The default pattern is:
yyyy - MM - dd
HH : mm : ss
-
In the Date format field, enter the pattern representing
date stamps in the selected file.
The default pattern is:
yyyy - MM - dd
-
In the Time Of Day format field, enter the pattern
representing time stamps in the selected file.
The default pattern is:
HH : mm : ss
Note: Time properties in the selected file can be in a different time zone than the
one used by Pega Platform. To avoid confusion, specify the time
zone in the time properties of the file, and use the appropriate pattern in the
settings.
- Optional:
Click Preview file.
Result: For a file path configuration, the preview contains the file name and file
contents. For a manifest file configuration, the preview shows the manifest file and the
contents of the first file that is listed in the manifest.
-
For CSV files, in the Mapping tab, modify the number of mapped
columns:
- To add a CSV file column, click Add mapping.

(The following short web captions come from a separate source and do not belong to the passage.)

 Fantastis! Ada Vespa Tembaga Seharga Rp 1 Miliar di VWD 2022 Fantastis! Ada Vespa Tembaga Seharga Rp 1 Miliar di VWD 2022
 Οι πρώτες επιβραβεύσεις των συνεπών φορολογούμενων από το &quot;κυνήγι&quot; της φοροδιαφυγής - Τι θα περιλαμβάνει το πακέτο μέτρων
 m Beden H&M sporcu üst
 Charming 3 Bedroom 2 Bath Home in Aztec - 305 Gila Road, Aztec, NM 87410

- To remove a CSV file column and the associated property mapping, click
Delete mapping for the applicable row.
For CSV files with a header row, the Column
entry in a new mapping instance must match the column name in the file.
-
For CSV files, in the Mapping tab, check and complete the
mapping between the columns in the CSV file and the corresponding properties in Pega Platform :
- To map an existing property to a CSV file column, in the
Property column, press the Down Arrow and choose the applicable
item from the list.
- For CSV files with a header row, to automatically create properties that are not
in Pega Platform and map them to CSV file columns, click
Create missing properties. Confirm the additional mapping by
clicking Create.
- To manually create properties that are not in Pega Platform and
map them to CSV file columns, in the Property column, enter a
property name that matches the Column entry, click
Open, and configure the new property. For more information, see
Creating a property.
For CSV files with a header row, the Column
entry in a new mapping instance must match the column name in the file.
For JSON files, the Mapping tab is empty, because the system
automatically maps the fields, and no manual mapping is available.
-
Confirm the new File data set configuration by clicking Save.
Result: If CSV or JSON files are not valid, error messages display the reason for the
error and a line number that identifies where the error is in the file.